Detroit locals I, Crime — Jennie Knaggs, Anderson Walworth, Charlie McCutcheon and Mike Ventimiglia — not only have great names (seriously, Knaggs? Ventimiglia? Sweet) but a stellar live presence. Their sound's kinda punk-pop (but good) and with a romantic twist, if you could imagine that. But why imagine? Go see. With Giant Tigers and Dead Letters at Northern Lights Lounge, 660 W. Baltimore, Detroit; 313-873-1739.

SATURDAY • 10
PRESS/PLAY
INTERNET ART

"Communicating and understanding what is happening on a global level is one of my greatest inspirations," says artist Kt Andresky, organizer of Press/Play, who often collaborates through mail art and interactive art. "I have been using new technology within my art for the past three years to document simultaneous current events and synchronized happenings." Andresky reached out to 24 artists representing 24 cities around the world (Detroit, Flint, Ann Arbor, New York, Chicago, Philadelphia, LA, Portland, London, Paris, Berlin, Vienna, Buenos Aires, Mexico City, Rome and others), inviting them to prepare a live five-minute broadcast through the Internet telephone program Skype documenting their respective scenes.
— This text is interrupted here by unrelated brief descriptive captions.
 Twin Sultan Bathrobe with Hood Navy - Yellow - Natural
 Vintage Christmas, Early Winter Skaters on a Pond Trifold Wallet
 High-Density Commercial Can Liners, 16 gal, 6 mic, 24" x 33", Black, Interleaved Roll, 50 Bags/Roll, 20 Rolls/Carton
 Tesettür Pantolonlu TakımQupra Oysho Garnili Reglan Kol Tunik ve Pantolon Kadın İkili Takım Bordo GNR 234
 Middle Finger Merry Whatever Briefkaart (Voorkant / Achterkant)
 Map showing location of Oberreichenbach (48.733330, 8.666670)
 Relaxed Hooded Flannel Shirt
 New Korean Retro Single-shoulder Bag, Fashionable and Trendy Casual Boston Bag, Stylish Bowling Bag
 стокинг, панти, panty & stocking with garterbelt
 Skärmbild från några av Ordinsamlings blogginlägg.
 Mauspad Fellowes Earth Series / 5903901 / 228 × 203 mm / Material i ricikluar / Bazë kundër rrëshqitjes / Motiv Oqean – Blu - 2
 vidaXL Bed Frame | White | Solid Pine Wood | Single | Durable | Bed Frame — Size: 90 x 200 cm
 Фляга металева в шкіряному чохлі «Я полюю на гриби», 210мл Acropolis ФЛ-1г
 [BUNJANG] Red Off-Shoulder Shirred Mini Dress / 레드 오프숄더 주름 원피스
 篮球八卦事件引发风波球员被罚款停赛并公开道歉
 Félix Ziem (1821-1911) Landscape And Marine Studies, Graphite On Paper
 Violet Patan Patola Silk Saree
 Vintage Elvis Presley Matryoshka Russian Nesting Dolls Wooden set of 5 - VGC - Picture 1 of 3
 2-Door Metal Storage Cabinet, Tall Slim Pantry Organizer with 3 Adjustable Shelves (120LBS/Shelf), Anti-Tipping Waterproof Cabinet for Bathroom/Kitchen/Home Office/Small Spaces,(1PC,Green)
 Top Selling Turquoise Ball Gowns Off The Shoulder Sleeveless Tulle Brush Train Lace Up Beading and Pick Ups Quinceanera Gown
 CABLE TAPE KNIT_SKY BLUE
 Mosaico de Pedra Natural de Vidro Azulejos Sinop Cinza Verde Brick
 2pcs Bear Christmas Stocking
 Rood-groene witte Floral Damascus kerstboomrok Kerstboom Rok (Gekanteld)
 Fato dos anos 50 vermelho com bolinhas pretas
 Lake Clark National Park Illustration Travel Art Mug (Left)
These transmissions will allow us to grasp, at least for a moment, that we are each an integral part of a creative whole. There's no better proof of unity than the event kick-off at 5:15 pm. Through a real-time web stream, artist Aadika Singh performs live in New York, projecting her art and herself onto Kt Andresky's body in Detroit. Press/Play is at 6 p.m., at 555 Gallery's Red Room Lounge, 4884 Grand River Ave., Detroit; 313-894-4202.

SATURDAY • 10
REHEARSAL FOR THE DESTRUCTION OF MU
RECONSTRUCTING AVANT GARDE

In conjunction with the opening of the much-anticipated Considering Detroit and Considering Architecture: Sustainable Designs from Detroit, Monster Island (currently musicians Cary Loren, Matt Smith, Mary Alice, Aliccia Berg and Jamie Easter) presents a shadow play, with a light show and live accompaniment. Mu, Loren explains, comes from the writings of Madame Blavatsky who places it in the Pacific some 50,000 or more years ago: "She says that civilization grew out of root races and beings took the form of humans, then the island sunk and the groups inhabited nearby islands. We're telling the history of shadow theater from prehistory to the island of Mu to the beginning of cinema — how it traveled through different cultures like Indonesia, India and China, and was revived in 1890s in Paris when the word 'avant-garde' was first used in a text written about shadow theater." Rehearsal for the destruction of Mu shows at 9 p.m., at the Museum of Contemporary Art Detroit, 4454 Woodward Ave., Detroit; 313-832-6622.

SUNDAY • 11
TIEMPO LIBRE
SHAKE YER CULO

Ok, we couldn't resist using this blurb as a platform for the hot promo shot of metrosexual-looking Latin guys frolicking in frothy ocean backwash. They're really having a blast, no? You know you wish that were you, yes? That said, the Miami-based, Cuban-born members of the timba band are immensely talented (Grammy-nominated, even) in their art. They'll perform along with the DSO in a special commission by Venezuelan composer Ricardo Lorenz in collaboration with Tiempo Libre's Jorge Gomez. The idea is to blend the past and present of Cuban music with the Euro-orchestral tradition in a sort of Latin throwdown with strings. At 3 p.m. in Orchestra Hall, 3711 Woodward Ave., Detroit; 313-576-5100.